Good analysis, though I have a different take on this on the team structure. In our environment, we found that Elasticsearch, Fluentd, and Kibana worked better because starting small and iterating is more effective than big-bang transformations. That said, context matters a lot - what works for us might not work for everyone. The key is to focus on outcomes.
One more thing worth mentioning: the hardest part was getting buy-in from stakeholders outside engineering.
I'd recommend checking out relevant blog posts for more details.
Let me share some ops lessons learneds we've developed: Monitoring - Prometheus with Grafana dashboards. Alerting - Opsgenie with escalation policies. Documentation - Notion for team wikis. Training - certification programs. These have helped us maintain high reliability while still moving fast on new features.
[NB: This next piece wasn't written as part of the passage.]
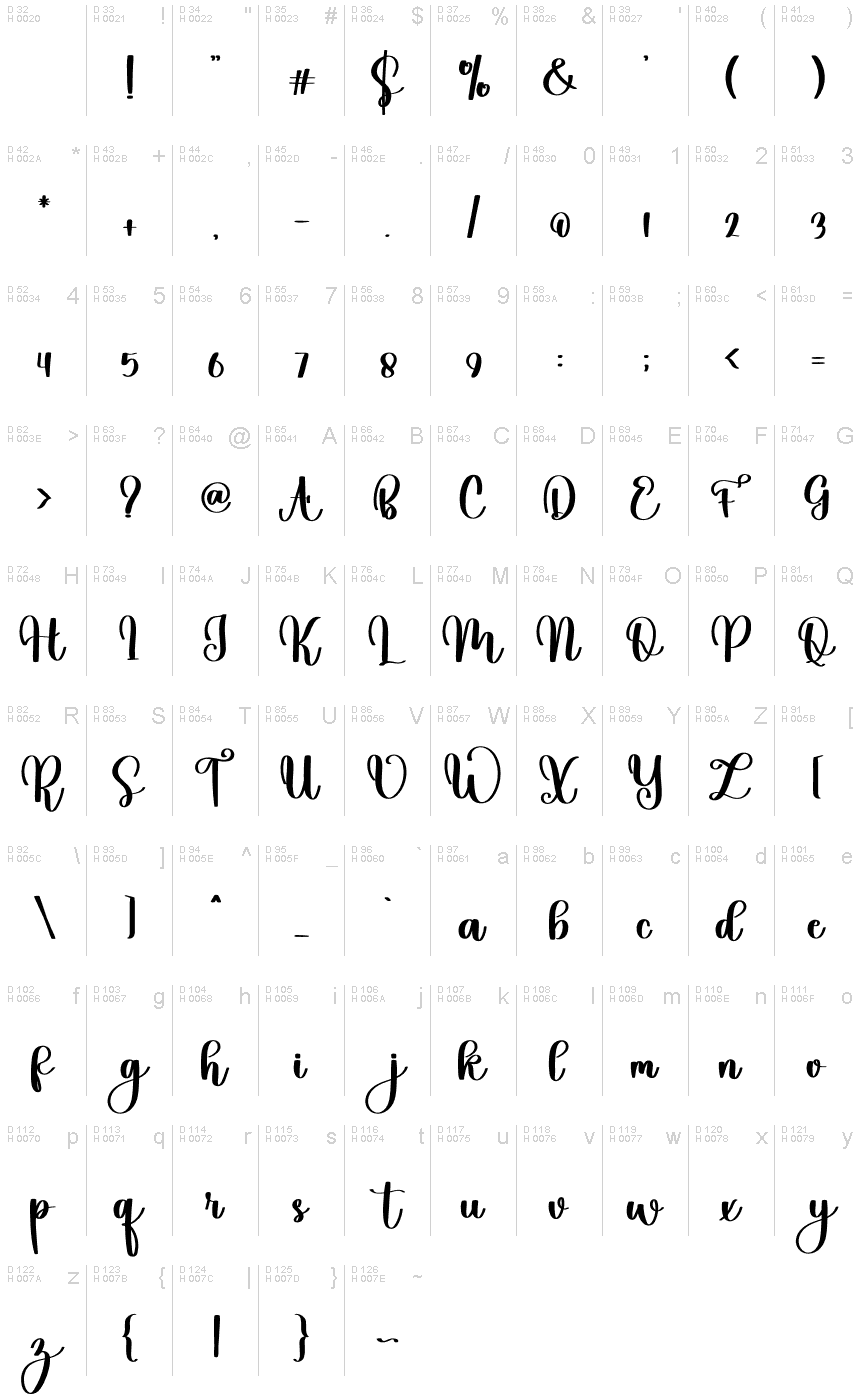 Základná latinka - Znaková sada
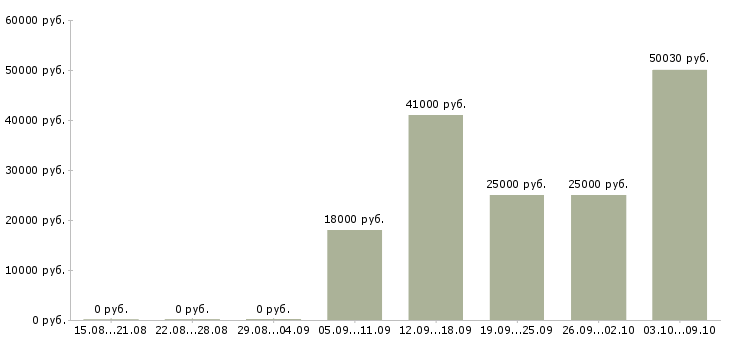 Вакансии руководитель по развитию в Смоленске - Медиана зарплат руководитель по развитию в Смоленске за 2 месяца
One thing I wish I knew earlier: the human side of change management is often harder than the technical implementation. Would have saved us a lot of time.
Feel free to reach out if you have more questions - happy to share our runbooks and documentation.
Been there with this one! Symptoms: frequent timeouts. Root cause analysis revealed memory leaks. Fix: fixed the leak. Prevention measures: chaos engineering. Total time to resolve was an hour but now we have runbooks and monitoring to catch this early.
The end result was 50% reduction in deployment time.
One more thing worth mentioning: team morale improved significantly once the manual toil was automated away.
For context, we're using Datadog, PagerDuty, and Slack.
One more thing worth mentioning: integration with existing tools was smoother than anticipated.
Great job documenting all of this! I have a few questions: 1) How did you handle scaling? 2) What was your approach to rollback? 3) Did you encounter any issues with latency? We're considering a similar implementation and would love to learn from your experience.
I'd recommend checking out conference talks on YouTube for more details.
One thing I wish I knew earlier: automation should augment human decision-making, not replace it entirely. Would have saved us a lot of time.
For context, we're using Terraform, AWS CDK, and CloudFormation.